_Data section_:
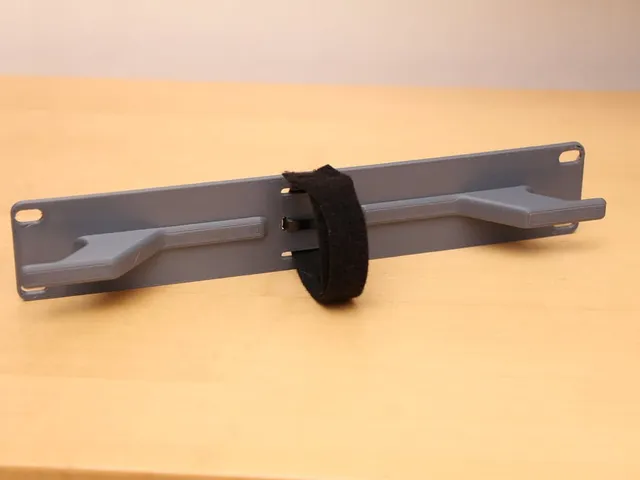 10" rack cable winder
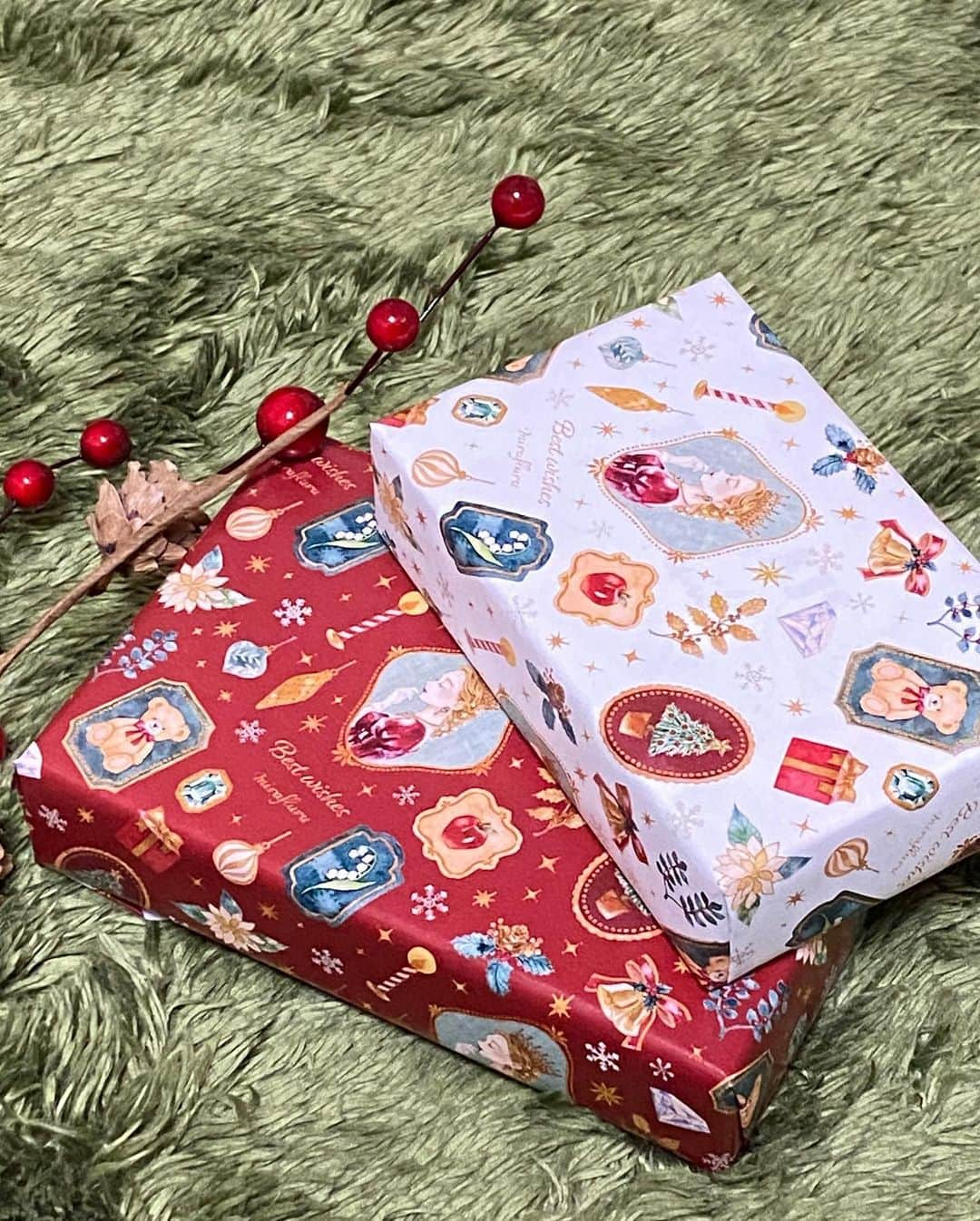 miya(ミヤマアユミ)さんのインスタグラム写真 - (miya(ミヤマアユミ)Instagram)「🎄🎁👑🧸🍎🌿 #Christmas  この絵は、ラッピングペーパーを作りたい！今年もグッズをお迎えしてくださる方にサンタ気分でお届けしたい！と思い立ってクリスマスソングを流しながらウキウキで描きました🎅🎁  ラッピングペーパー、理想通りに仕上がりました✨手前味噌ですがめちゃくちゃ可愛いです😭🎁色は赤と白です。(ネイビーもデータだけは用意したので来年辺り作りたいです)  クリスマスカードとシールも作りました🧸🎄  minne本日、新作を追加して再オープンします。受注生産は12/4(日)までを予定しています。  グッズ写真はまだまだ準備中ですので、準備でき次第グッズアカウントの方でもご紹介していきます。 @mirafluru  大阪の #ミニチュアアート展2022 にて、原画の展示もしていました。ご覧頂いた皆さまありがとうございます！  #mirafluru  #artwork #watercolor #水彩 #透明水彩 #art #illust #illustration #draw #illustrator #イラスト #イラストレーター #手描き #手書き #アナログ #アナログイラスト #miyamaayumi #クリスマス #クリスマスカード #ラッピングペーパー #merrychristmas #メリークリスマス#テディベア #クリスマスプレゼント」12月1日 19時10分 - miya78pic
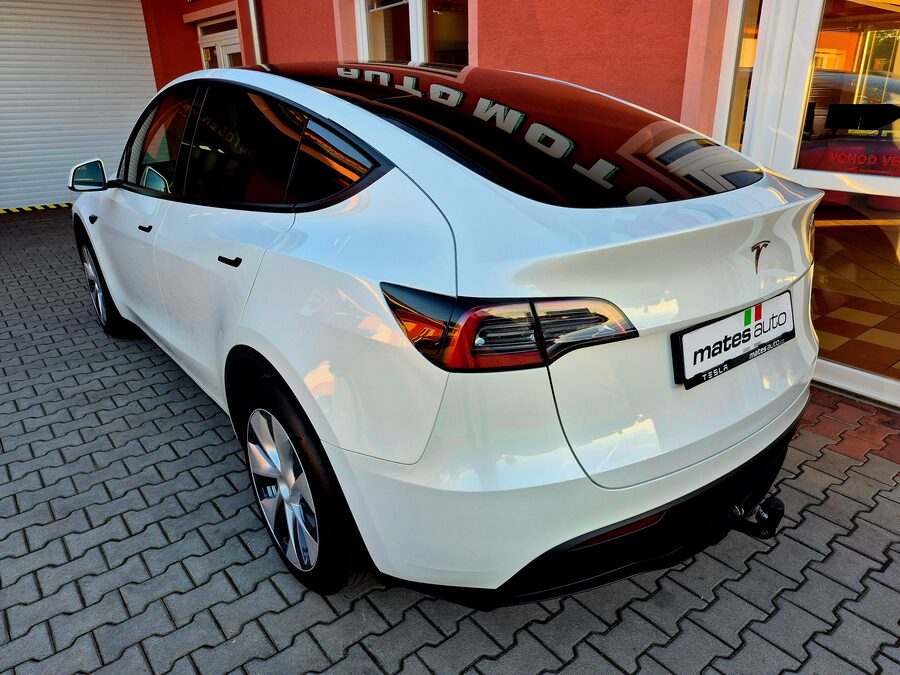 Tesla Model Y Standard Range Plus 235 kW – fotografie 3 z 28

_Exercise aim_:
Everything in the material goes into the copy exactly, except the images.

_Result below_:
 10" rack cable winder
 miya(ミヤマアユミ)さんのインスタグラム写真 - (miya(ミヤマアユミ)Instagram)「🎄🎁👑🧸🍎🌿 #Christmas  この絵は、ラッピングペーパーを作りたい！今年もグッズをお迎えしてくださる方にサンタ気分でお届けしたい！と思い立ってクリスマスソングを流しながらウキウキで描きました🎅🎁  ラッピングペーパー、理想通りに仕上がりました✨手前味噌ですがめちゃくちゃ可愛いです😭🎁色は赤と白です。(ネイビーもデータだけは用意したので来年辺り作りたいです)  クリスマスカードとシールも作りました🧸🎄  minne本日、新作を追加して再オープンします。受注生産は12/4(日)までを予定しています。  グッズ写真はまだまだ準備中ですので、準備でき次第グッズアカウントの方でもご紹介していきます。 @mirafluru  大阪の #ミニチュアアート展2022 にて、原画の展示もしていました。ご覧頂いた皆さまありがとうございます！  #mirafluru  #artwork #watercolor #水彩 #透明水彩 #art #illust #illustration #draw #illustrator #イラスト #イラストレーター #手描き #手書き #アナログ #アナログイラスト #miyamaayumi #クリスマス #クリスマスカード #ラッピングペーパー #merrychristmas #メリークリスマス#テディベア #クリスマスプレゼント」12月1日 19時10分 - miya78pic
 Tesla Model Y Standard Range Plus 235 kW – fotografie 3 z 28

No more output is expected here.